* What is being asked: For this exercise, restate word for word only the lines from the first line of the data to the line containing "Kisah Nova Arianto".

___ The data ___

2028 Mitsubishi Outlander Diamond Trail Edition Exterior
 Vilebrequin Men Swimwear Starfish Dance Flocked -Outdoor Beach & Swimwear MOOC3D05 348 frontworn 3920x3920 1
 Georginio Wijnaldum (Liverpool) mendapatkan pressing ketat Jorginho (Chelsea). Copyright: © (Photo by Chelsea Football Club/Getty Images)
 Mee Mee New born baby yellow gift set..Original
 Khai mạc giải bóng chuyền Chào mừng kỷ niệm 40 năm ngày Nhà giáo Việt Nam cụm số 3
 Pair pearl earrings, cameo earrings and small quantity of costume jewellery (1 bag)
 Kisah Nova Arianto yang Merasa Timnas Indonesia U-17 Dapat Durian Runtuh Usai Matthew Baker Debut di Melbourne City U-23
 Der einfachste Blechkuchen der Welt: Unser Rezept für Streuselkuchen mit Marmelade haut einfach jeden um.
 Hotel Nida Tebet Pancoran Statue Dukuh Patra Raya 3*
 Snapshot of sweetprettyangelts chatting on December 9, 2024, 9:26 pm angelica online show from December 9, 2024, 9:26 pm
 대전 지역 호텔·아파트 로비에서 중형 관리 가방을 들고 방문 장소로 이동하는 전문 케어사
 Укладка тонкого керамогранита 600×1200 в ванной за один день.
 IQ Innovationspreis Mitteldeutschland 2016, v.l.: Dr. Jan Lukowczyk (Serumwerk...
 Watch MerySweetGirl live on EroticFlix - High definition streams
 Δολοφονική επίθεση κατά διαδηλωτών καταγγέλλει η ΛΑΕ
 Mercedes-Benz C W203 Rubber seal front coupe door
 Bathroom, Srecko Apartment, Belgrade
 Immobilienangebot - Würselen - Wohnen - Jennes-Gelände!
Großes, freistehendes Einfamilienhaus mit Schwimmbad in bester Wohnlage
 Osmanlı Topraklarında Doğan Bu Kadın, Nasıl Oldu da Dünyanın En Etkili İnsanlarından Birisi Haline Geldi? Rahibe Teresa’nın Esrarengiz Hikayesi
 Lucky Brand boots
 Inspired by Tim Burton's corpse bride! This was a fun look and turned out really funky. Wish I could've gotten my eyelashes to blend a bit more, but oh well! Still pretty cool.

___

* Response box:
2028 Mitsubishi Outlander Diamond Trail Edition Exterior
 Vilebrequin Men Swimwear Starfish Dance Flocked -Outdoor Beach & Swimwear MOOC3D05 348 frontworn 3920x3920 1
 Georginio Wijnaldum (Liverpool) mendapatkan pressing ketat Jorginho (Chelsea). Copyright: © (Photo by Chelsea Football Club/Getty Images)
 Mee Mee New born baby yellow gift set..Original
 Khai mạc giải bóng chuyền Chào mừng kỷ niệm 40 năm ngày Nhà giáo Việt Nam cụm số 3
 Pair pearl earrings, cameo earrings and small quantity of costume jewellery (1 bag)
 Kisah Nova Arianto yang Merasa Timnas Indonesia U-17 Dapat Durian Runtuh Usai Matthew Baker Debut di Melbourne City U-23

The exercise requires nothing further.